Tennessee-Thai Beef Satay with Bourbon Sriracha Marinade Spicy!
“Sate is the Southeast Asian answer to shish kebab—small skewers of intensely flavorful grilled meat served by street vendors, restaurants, and everywhere in between. These owe their soulful flavor to Asian fish sauce and Bib & Tucker Double Char, with Sriracha to kick up the heat. In Singapore, sate is traditionally eaten with diced onion and cucumber. Leave the last 1/4 inch of the skewer point food free and use it to pick up onion and cucumber.”
—Steven Raichlen
Ingredients
- 1-1/2 pounds New York strips or sirloin steak (3/4 inch thick)
- Salt and pepper
- 1/2 cup roasted peanuts, finely chopped
- 1 cucumber, seeded and cut into 1/4-inch dice and in a small bowl
- 1 small red onion, peeled and cut into 1/4-inch dice and in a small bowl
FOR THE MARINADE
- 1/4 cup Bib & Tucker Double Char Bourbon
- 1/4 cup Sriracha
- 1/4 cup Asian fish sauce or soy sauce
- 1/4 cup vegetable oil, plus oil for the grill grate
- 3 tablespoon fresh lime juice
You’ll also need: 8-inch bamboo skewers
Directions
- Cut the steak across the grain into thin strips, each 4 inches long, 3/4 inch wide, and 1/8 inch thick. Thread the beef strips onto the skewers, leaving a 1/4-inch point at the end. Arrange the sates in a baking dish.

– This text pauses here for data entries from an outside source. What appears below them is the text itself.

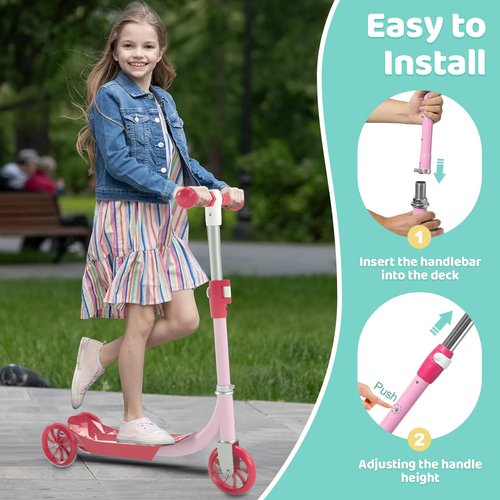 ADUBENRY Kids Kick Scooters, 3 Wheel Scooter for Kids Ages 3-10, LED Lighted Wheels with 3 Adjustable Height Handlebars for Boys & Girls Pink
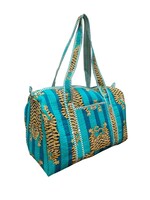 Bhawana TURQUOISE Quilted Reversible Floral Eco-Friendly Handmade Tote Bag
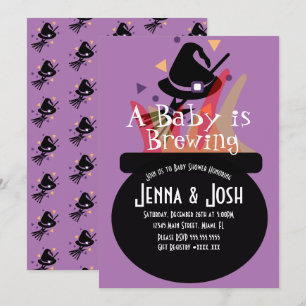 Invitation Cuve de Sorcière Halloween Bébé Shower Épouvante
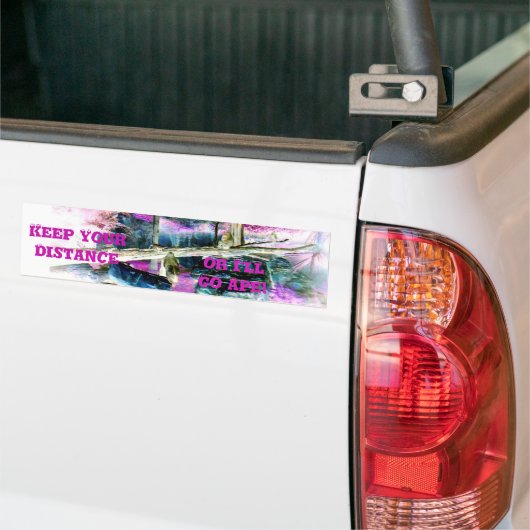 Autocollant De Voiture Forêt amusante Allez-y Gardez votre distance (Sur camion)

- Combine the ingredients for the marinade in a bowl and whisk to mix. Pour this marinade over the meat part of the sates and marinate for 1 to 2 hours in the refrigerator, turning the sates a couple times so they marinate evenly. Drain off and discard the marinade. Just before grilling, season the sates with salt and pepper.

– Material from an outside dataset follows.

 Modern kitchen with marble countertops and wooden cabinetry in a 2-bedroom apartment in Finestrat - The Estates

- Set up your grill for direct grilling and heat to high. Brush or scrape the grill grate clean and oil it well. Arrange the sates on the grill, with a folded sheet of aluminum foil under the exposed part of the skewers to keep them from burning. Grill until cooked to taste, 1 to 2 minutes per side for medium.
- Arrange the sates on a platter or plates and sprinkle with the ground peanuts. To eat, skewer some cucumber and onions on the point, then dig in.